Once legally instituted and satisfactorily implemented, recognition rights enable those who possess them to withdraw from political contestation or debate concerning how those rights are enjoyed and their implications for the wider society. I suggest that this is broadly welcomed by many vulnerable communities of people. As discussed, the core ideal of moral equality cannot be placed on the political agenda, and nor can the rights of vulnerable minorities be normatively conditional upon the approval of others, who may have prejudices if not be overtly xenophobic. Law will continue to play a necessary but insufficient role in reinforcing the institutionalization of recognition rights. However, as many others have argued, the human rights project has largely failed to acknowledge the need to also engage with human rights through more recognizably political contexts and frameworks.Footnote68 It is clear now that the legalization of recognition rights provides no cast-iron guarantee against their violation due to implementation failures or removal through politicized constitutional court rulings and executive action.

I think that our constitutive relationality calls for a much more extensive and substantial political engagement in defense of recognition rights. Over-reliance upon law as a protective realm for the recognition rights of vulnerable communities results in the attempted de-politization of identity politics, in which differences become entrenched and compounded as conflicting parties abandon political fora and revert to increasingly incommensurable moral registers.Footnote69 Inadvertently or not, human rights contributes to this unsustainable and potentially irreconcilable division by affording people the unrealizable promise of guaranteed security behind the protective walls of their recognition rights. Reversion to a moral register leads to division; morality has proven incapable of authoritatively grounding a core set of principles and ideals which humankind is capable or willing to affirm and abide by.Footnote70

An obvious implication of this is that we need to begin developing effective political instruments and frameworks in which constitutively related but potentially very different communities of people may commit to what will be extremely challenging processes of negotiation, deliberation, and contestation. If, as I believe, the divisiveness of identity politics is unsustainable and poses an existential threat to the maintenance of a rights-based order (or perhaps any form of collective political organization), then we must focus upon attempts to reconnect and reengage with each other. The core human rights ideal of moral equality provides a normative foundation stone for such collective efforts, which will enable us to strike down overt and unequivocal forms of discrimination and xenophobia.

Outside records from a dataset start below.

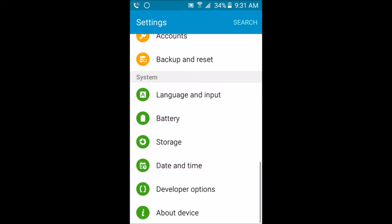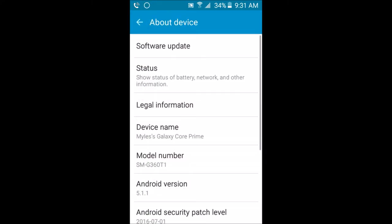From there, go back to About Device and click on Software Update. It will then say Connecting to Server, which means it's connecting to Google's servers to retrieve your Android software update.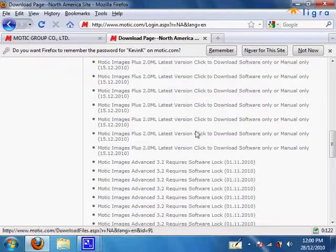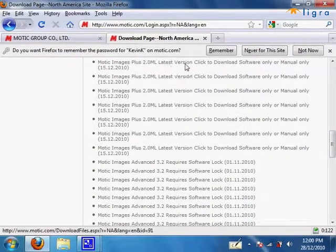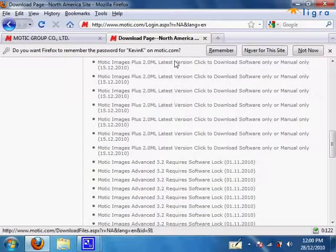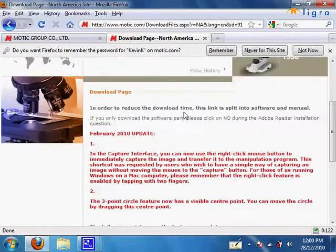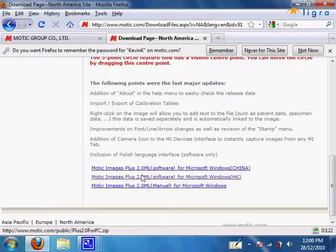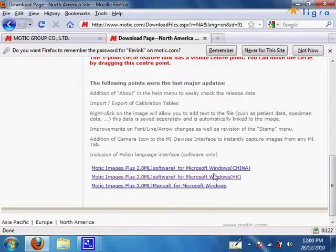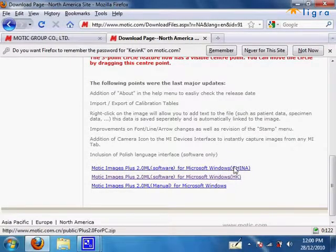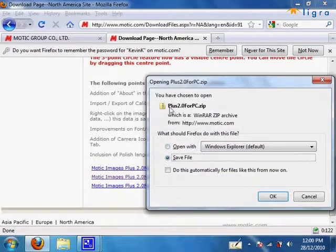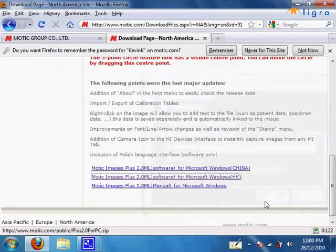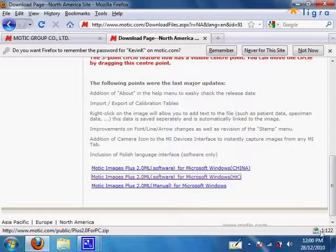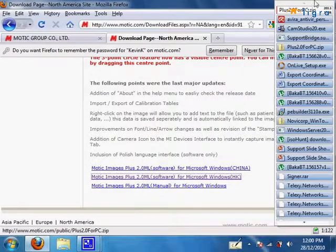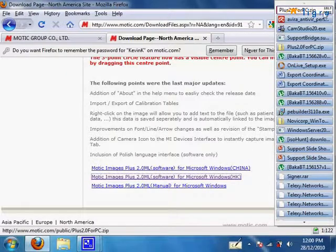And it should pop up the download page again. The one we want is Motic Images Plus 2.0 latest version. Once we get to this page, click on the one that has a bracket at the end. The China one is another mirror but it's a bit slower, so we'll go with the HT one. Once you get here, save the file to your desktop if possible. As you can see now, it's downloading Plus 2.0 for PC.zip.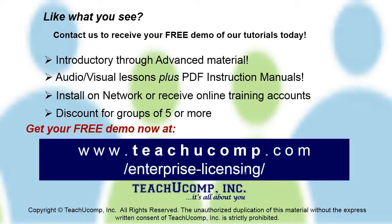Like what you see? Get a free demo of our training for groups of five or more at www.teachucomp.com/enterprise-licensing.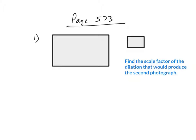Okay, here's number one on page 573. You're given two photographs which are rectangles, and you're supposed to find the scale factor of the dilation that would produce the second photograph.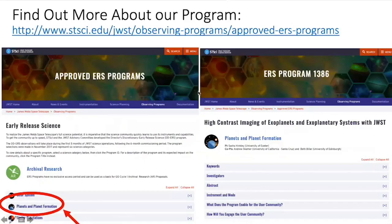If you want to find out more about our program, you can go to the early release science webpage. If you click on planets and planet formation, you'll get a list of all the approved programs and there's a dedicated webpage for our program. Thank you very much — that was very informative.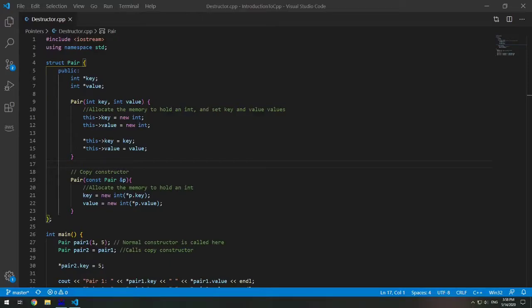Hi everybody. Today we're going to learn about destructors in C++. So what is a destructor? A destructor is a member function which destructs or basically deletes an object.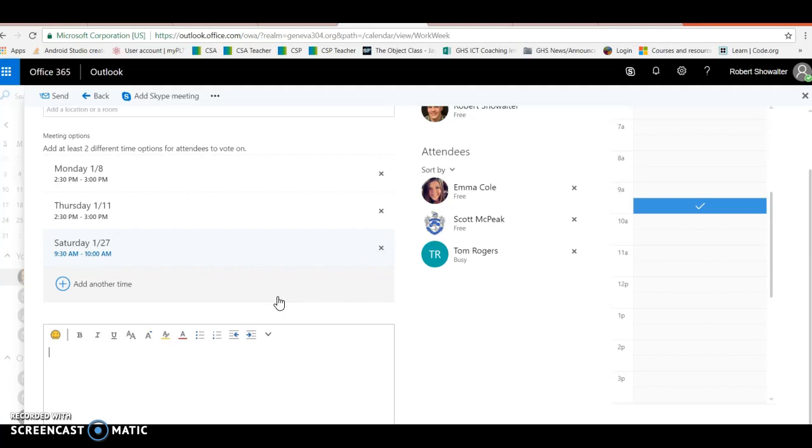Once the poll is resolved, it'll automatically schedule and send an email to everybody involved in the meeting request as to when that meeting actually got scheduled.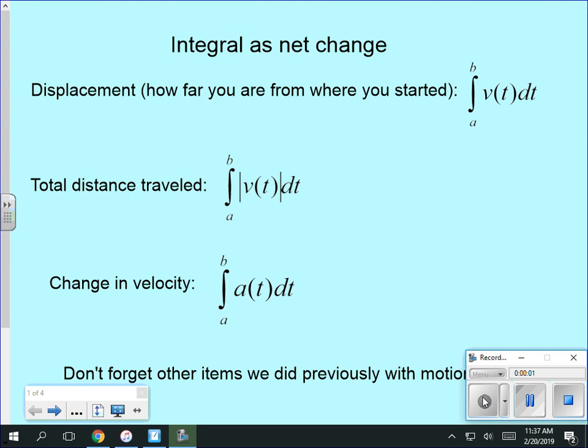This first section is using an integral of a net change, figuring out how fast things are changing from integration. This is probably the most general use of integration.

However, this will almost certainly require communities of people who currently appear to be incompatible and irreconcilably opposed to each other, such as those on either side of the bitter disputes surrounding gender identity for example, agreeing to enter into dialogue with the aim of better understanding the interdependency and constitutive relationality of their identities and ways of being and believing. Rights have a vital contribution to make to this daunting task if, following the insights of Iris Marion Young and recognizing the truth of the constitutive relationality of agency and identity, we develop an understanding of rights not as reified individual possessions, but as institutionalized instruments which mediate relationships between people. As Young argues:

rights are not fruitfully conceived as possessions. Rights are relationships, not things; they are institutionally defined rules specifying what people can do in relation to one another. Rights refer to doing more than having, to social relationships that enable or constrain action.Footnote71

The personal is political and we urgently need to reengage with this vital truth.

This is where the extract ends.